Re: Reversing A File
by Joost (Canon) on Dec 12, 2007 at 13:49 UTC
      As it's pure perl, I installed File::ReadBackwards locally and it's definitely the way to go - very impressive - only 90seconds to reverse the 180MB file and uses less than 5MB of memory to do it.

      I diff'd the original .txt file with the .rev.rev file and no differences, so it seems to work ok!

      problem solved - once again - many many thanks!

Re: Reversing A File
by citromatik (Curate) on Dec 12, 2007 at 13:02 UTC

    Probably it is not the fastest way, but Tie::File should work

    use Tie::File; my $file = shift @ARGV; tie my @data, 'Tie::File', $file or die $!; tie my @reversed, 'Tie::File', $file."rev" or die $!; @reversed = reverse(@data); untie @data; untie @reversed;

    Tie::File doesn't load the file into memory, it indexes it, so this should work even for very big files

    citromatik

      Your reverse puts all 1 million lines in memory.
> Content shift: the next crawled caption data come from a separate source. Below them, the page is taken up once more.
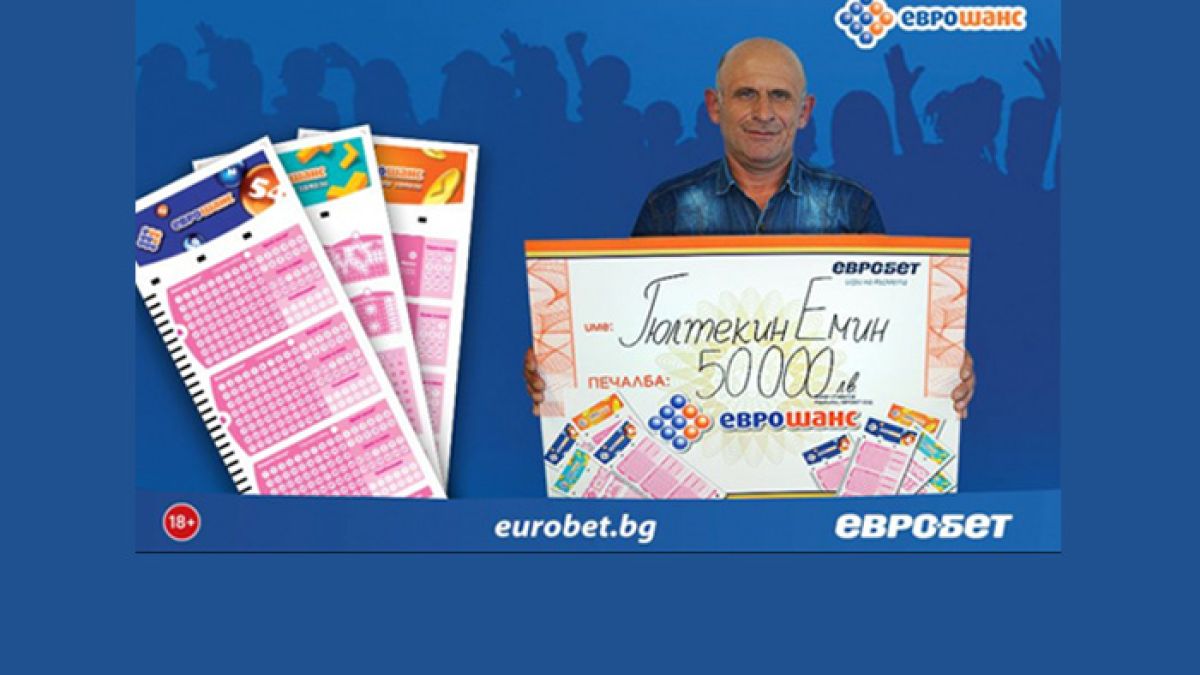 Супер печалба от 50 000 лева в играта „Еврошанс“ 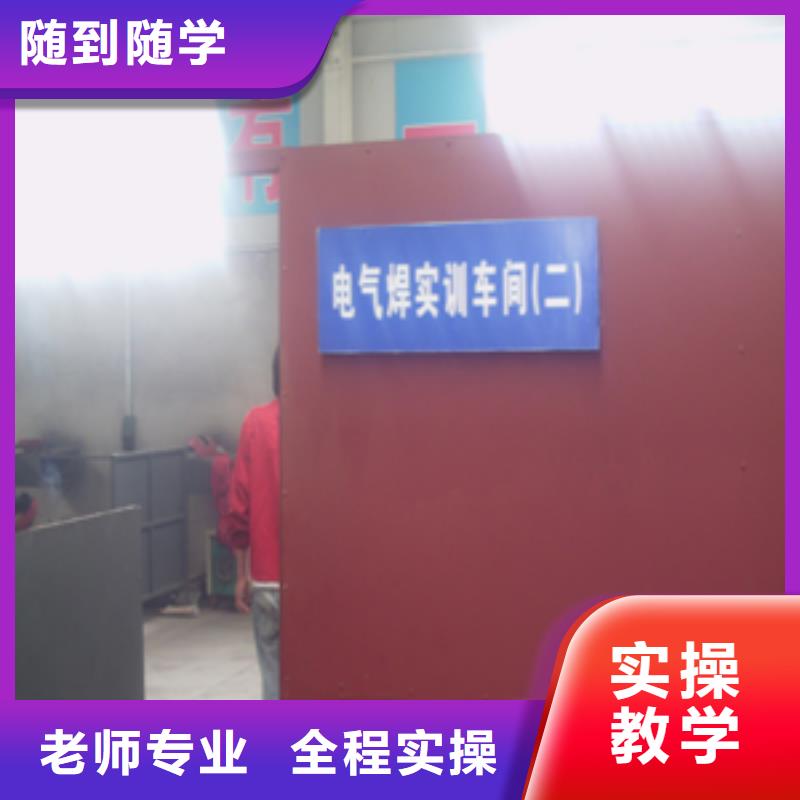 安國壓力管道焊接培訓(xùn)2025年招生電話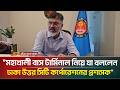 মহাখালী বাস টার্মিনাল নিয়ে যা বললেন ঢাকা উত্তর সিটি কর্পোরেশনের প্রশাসক শফিকুল ইসলাম | ATN Bangla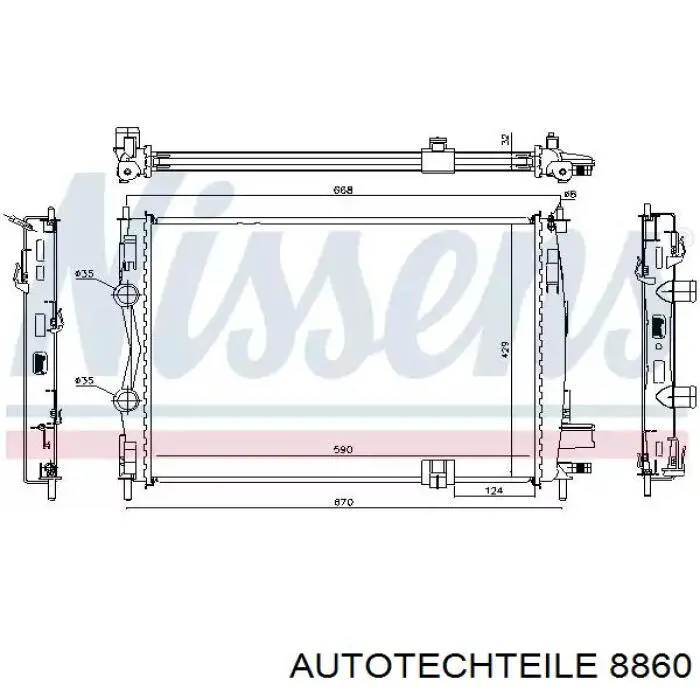 Купить 1008860 Autotechteile Язычок открывания капота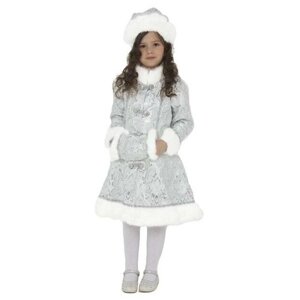 Детский карнавальный костюм «Снегурочка хрустальная», р. 34, рост 134 см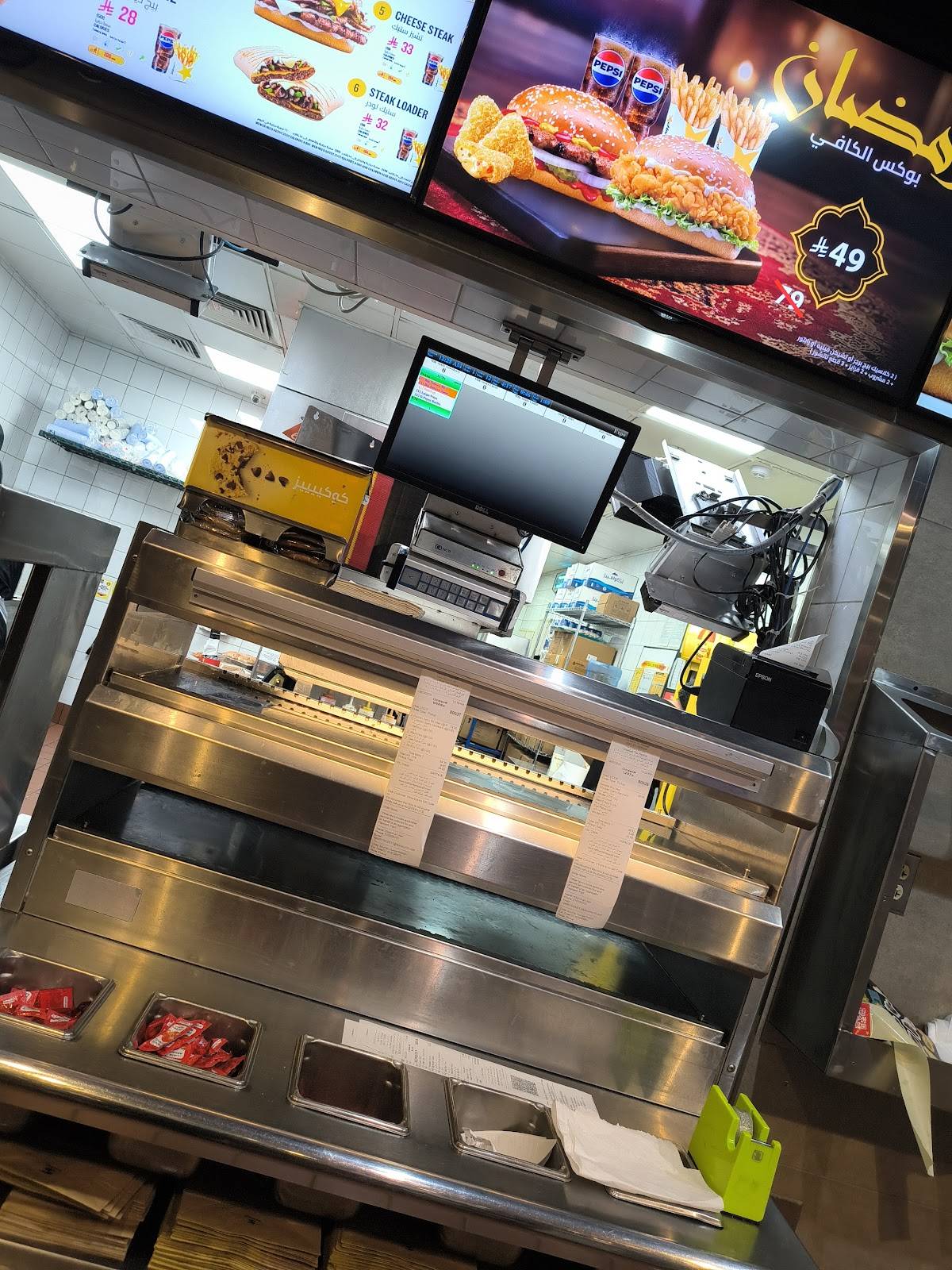 Hardee's меню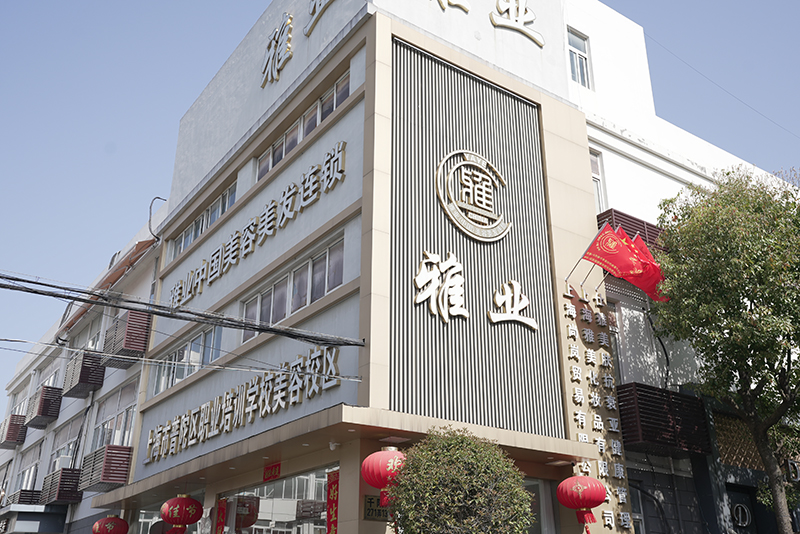 解鎖美麗新職業(yè)：如何選擇優(yōu)質(zhì)美容專業(yè)學(xué)校？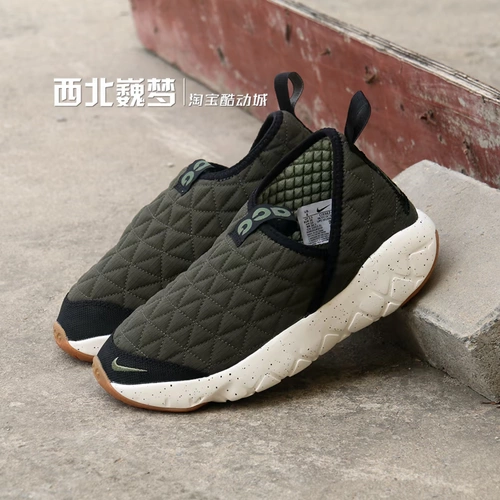 Nike, легкие слипоны, спортивные беговые кроссовки, легко надевать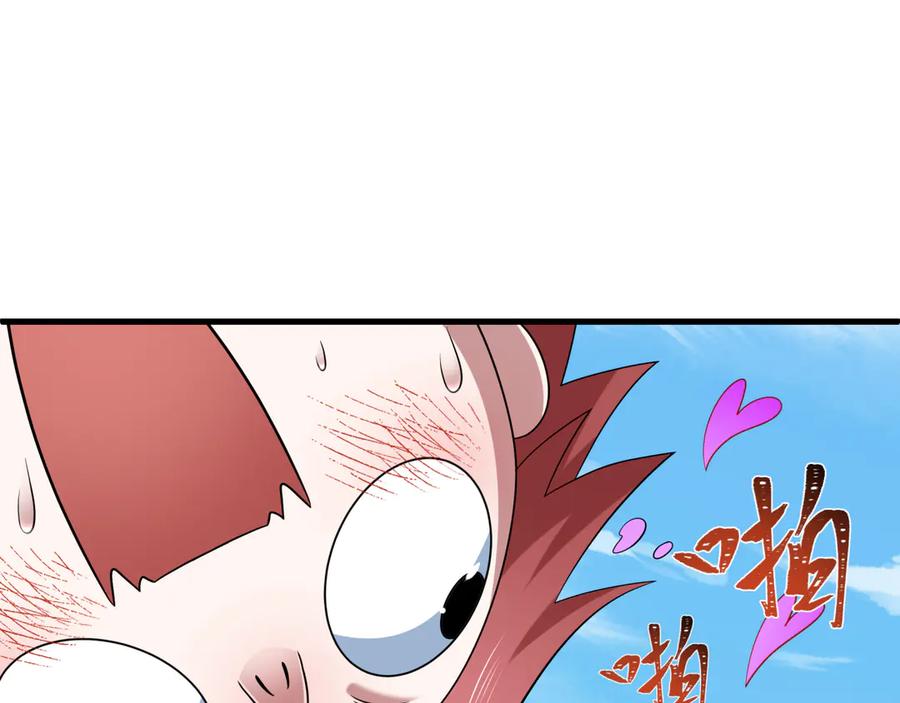 全球诡异时代 第466话 扶桑篇-忍界黑暗！ 第128页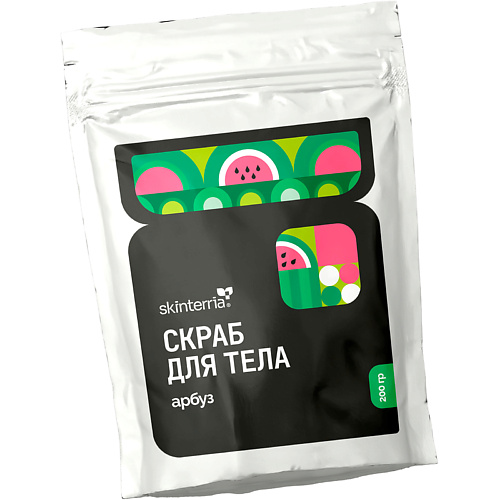 SKINTERRIA Сахарный антицеллюлитный скраб для тела с маслами, Арбуз 150 skinterria парафин косметический для рук ног ногтей и тела зеленый чай 450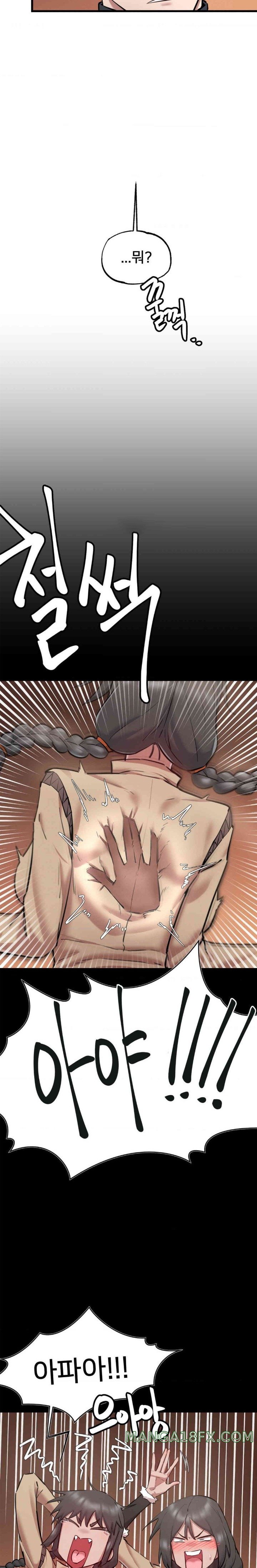 Global Sexual Culture Research Institute Raw - Chapter 7 [photo 3] - MangaPorn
      That's on top of the 2 million indexes you place in memory when only 1 million are needed.

      Fix:

      use Tie::File; tie(my @data, 'Tie::File', $fname_in) or die("Unable to open \"$fname_in\": $!\n"); open(my $fh_out, '>', $fname_out) or die("Unable to create \"$fname_out\": $!\n"); for (my $i=@data; $i--; ) { print $fh_out $data[$i]; } untie @data;

      Although I recommend File::ReadBackwards.

      use File::ReadBackwards qw( ); my $fh_in = File::ReadBackwards->new($fname_in) or die("Unable to open \"$fname_in\": $!\n"); open(my $fh_out, '>', $fname_out) or die("Unable to create \"$fname_out\": $!\n"); while (defined(my $line = $fh_in->readline())) { print $fh_out $line; }
        Unfortunately, this firm doesn't have File::ReadBackwards and it's a real pain getting approval for non-core modules!

        I tried the Tie::File idea (thanks for that), but killed the job after 10mins of max'd out cpu (it was about half way through) - the file is only 180MB

        There must be a faster way??